Amiga Power


Super Tetris

Author: Stuart Campbell
Publisher: Spectrum Holobyte
Machine: Amiga 500

 
Published in Amiga Power #17

Super Tetris

They wouldn't let it lie, would they? After numerous completely tragic attempts at bringing Tetris to the Amiga, totally eclipsed by some great PD versions (notably Super Twintris from our issue five coverdisk), MicroProse try to redress the balance with this new, sexy, improved, lots-of-extra-bits game which adds all manner of weird powerups and bonuses to the original block-dropping-and-line-filling gameplay.

For any of you who don't know the basic idea of Tetris, what you have to do is - no, only joking.

The best things among the new stuff here are the bombs which appear when you complete a line, allowing you to destroy parts of the scenery, which brings in a more tactical element lacking in the original game. Otherwise it's pretty much window-dressing stuff, which leaves us wondering whether the basic execution of the game merits paying out £30 for something you can now get for free. Um...

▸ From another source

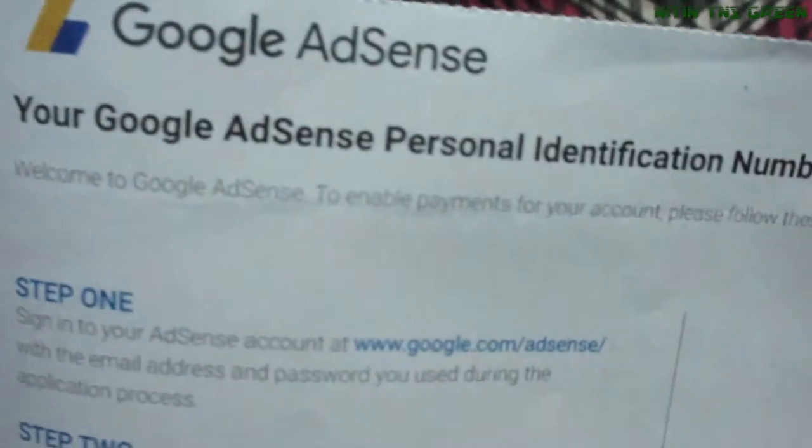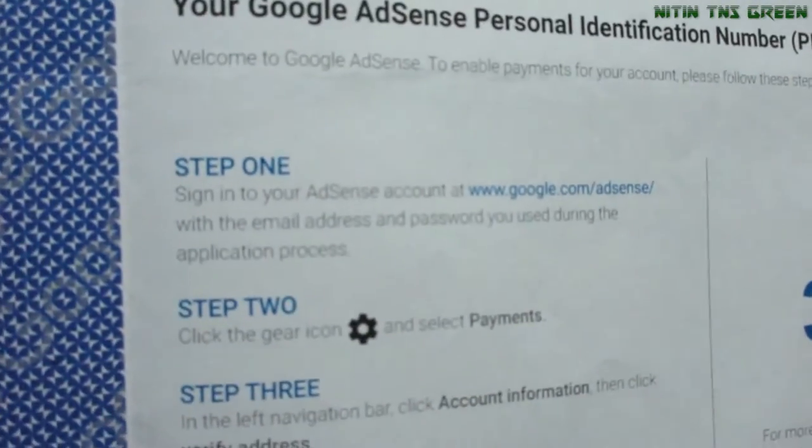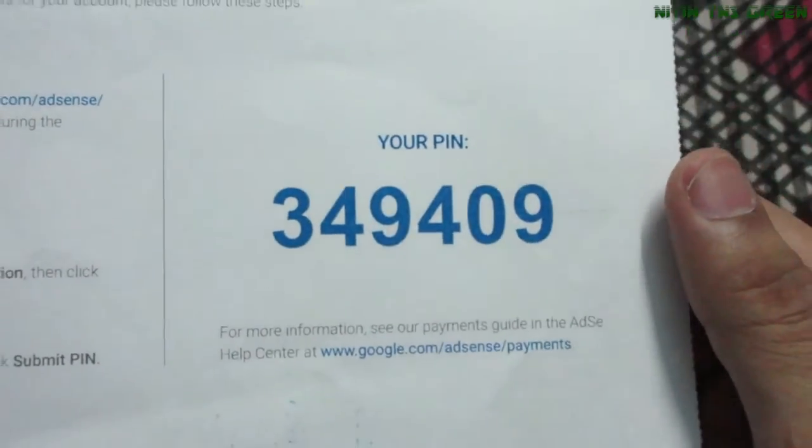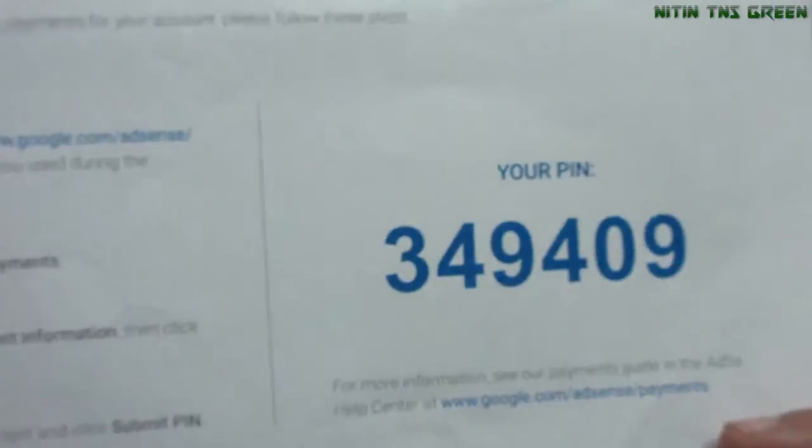But no, everywhere is just Google, Google, Google. Okay, now let's move on to the second page. Here it says 'Your Google AdSense personal identification number,' and here are all the steps you need to follow to verify your PIN and address. And here is the big number — that's my PIN, finally!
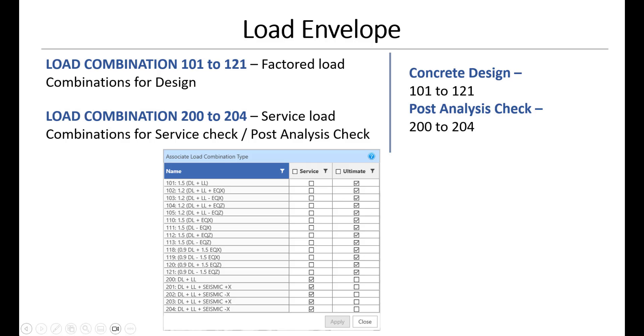In this video we will understand what is a load envelope, why do we need a load envelope, how it is used in the program, and how we can create a custom load envelope and how this custom load envelope is different from the default load envelope.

Well, first off, it's much better than the last professional job (the useless Infogrames one reviewed in issue two with 29%), with smooth-falling blocks and decent control (although still not as good as it could be - why no definable keyboard?), and some pleasantly clicky and bangy sound effects. You get three different kinds of two-player mode (competitive, co-operative and head-to-head) which are all pretty entertaining, and the new level-based structure (you complete levels rather than just playing forever until you lose) is more rewarding, but somehow it just isn't compulsive. Maybe the new features have overloaded the classic simplicity, maybe after three years and a hundred versions I'm just bored with it, but for all the bells and whistles I couldn't be bothered with Super Tetris after the first 20 minutes. This is, in all honesty, quite nice. You'd just have to be completely Tetris-loopy-nuts to spend £30 on it.

The Bottom Line

Sorry, but it's still not really any better than Super Twintris, and it's 30 quid more expensive. Vastly improved over the other official Amiga versions, but it just doesn't grip like a Tetris game should. Could it be that Tetris has just finally had its day?